WHAT THIS TASK INVOLVES: Set down every entry again word for word, please, but skip the pictures.

THE RECORDS:
"""
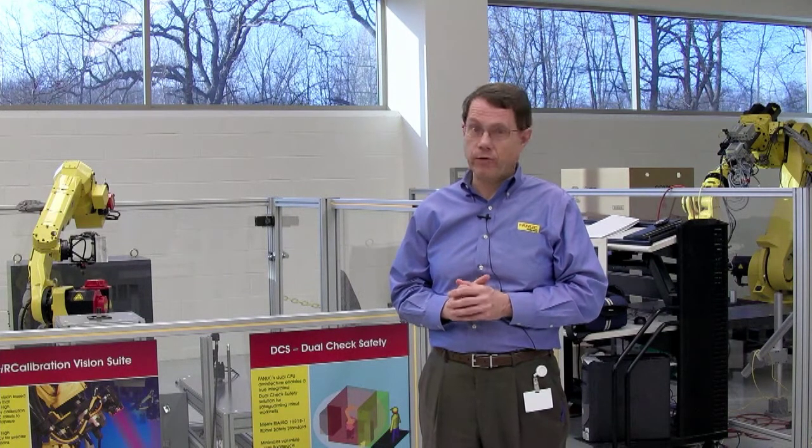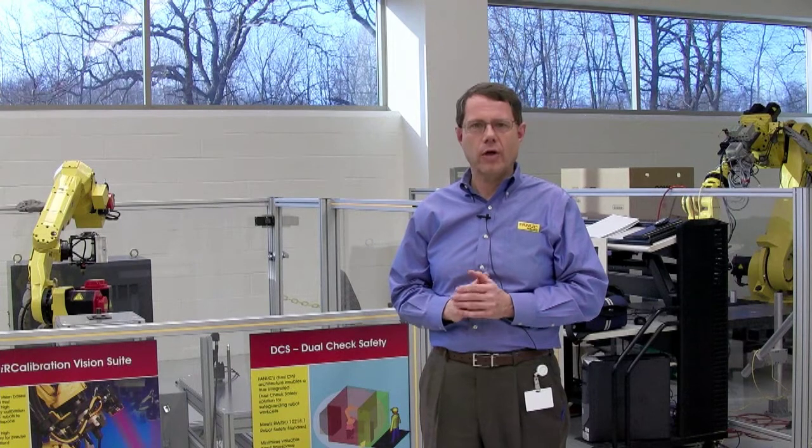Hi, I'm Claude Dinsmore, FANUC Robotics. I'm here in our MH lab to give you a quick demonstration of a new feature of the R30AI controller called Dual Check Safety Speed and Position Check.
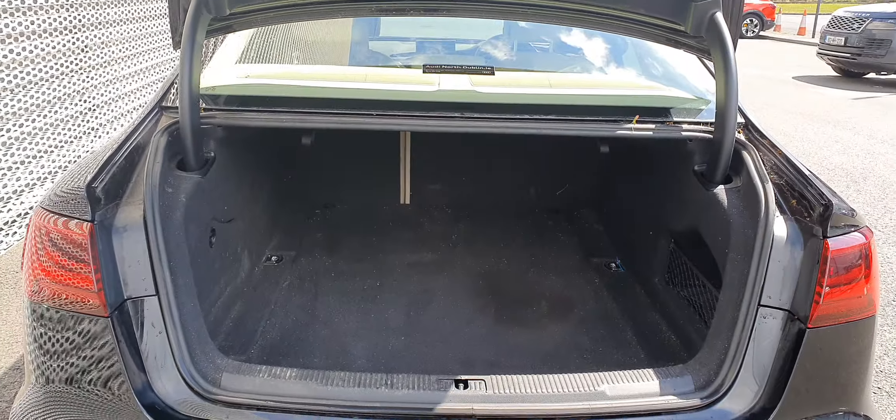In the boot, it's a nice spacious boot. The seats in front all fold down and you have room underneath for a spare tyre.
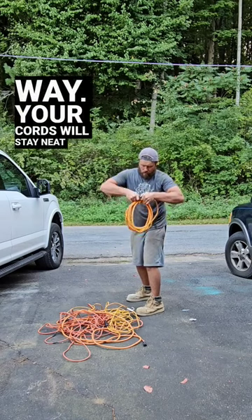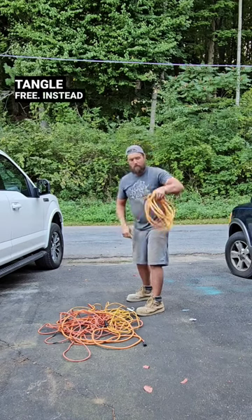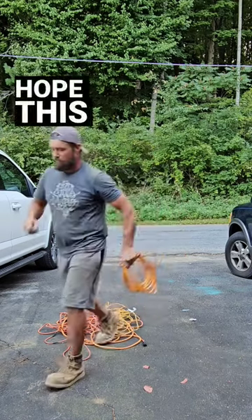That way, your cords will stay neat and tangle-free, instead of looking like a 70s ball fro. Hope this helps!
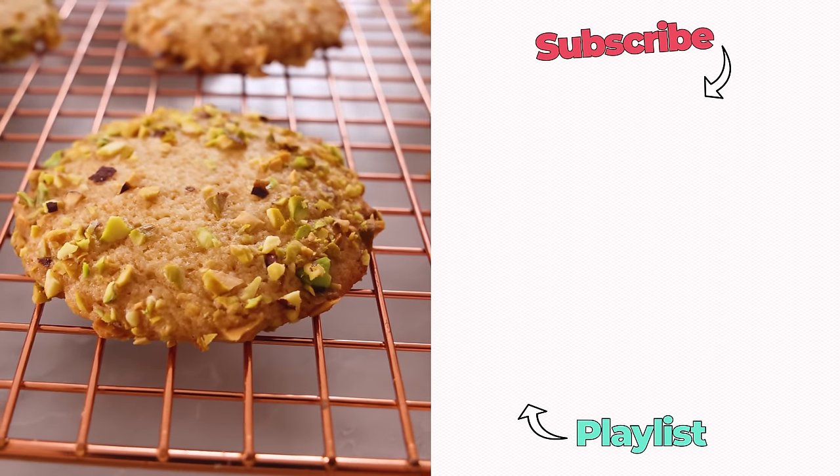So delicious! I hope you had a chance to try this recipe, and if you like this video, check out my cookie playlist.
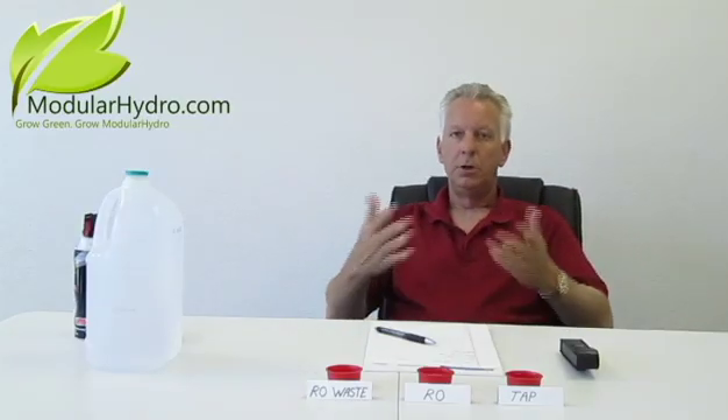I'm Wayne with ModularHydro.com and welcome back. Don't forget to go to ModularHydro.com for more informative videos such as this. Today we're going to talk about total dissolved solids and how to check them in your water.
"""
THE COMPLETED TASK:
Hi, I'm Claude Dinsmore, FANUC Robotics. I'm here in our MH lab to give you a quick demonstration of a new feature of the R30AI controller called Dual Check Safety Speed and Position Check.
In the boot, it's a nice spacious boot. The seats in front all fold down and you have room underneath for a spare tyre.
That way, your cords will stay neat and tangle-free, instead of looking like a 70s ball fro. Hope this helps!
So delicious! I hope you had a chance to try this recipe, and if you like this video, check out my cookie playlist.
I'm Wayne with ModularHydro.com and welcome back. Don't forget to go to ModularHydro.com for more informative videos such as this. Today we're going to talk about total dissolved solids and how to check them in your water.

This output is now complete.